▶ _About this task_:
When you reach the line containing "Ron trying to" in the data below, begin returning lines exactly as written, and stop once the line containing "Hillary linton anima" has been returned.

▶ _Data for this task_:
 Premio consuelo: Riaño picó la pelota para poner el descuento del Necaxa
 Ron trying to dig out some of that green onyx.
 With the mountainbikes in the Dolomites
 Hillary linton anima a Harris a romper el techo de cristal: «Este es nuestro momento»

---

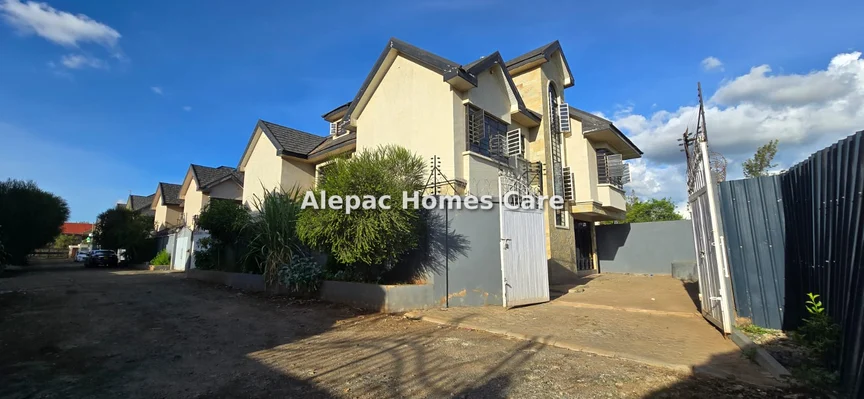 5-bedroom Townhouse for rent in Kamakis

▶ _Written response_:
 Ron trying to dig out some of that green onyx.
 With the mountainbikes in the Dolomites
 Hillary linton anima a Harris a romper el techo de cristal: «Este es nuestro momento»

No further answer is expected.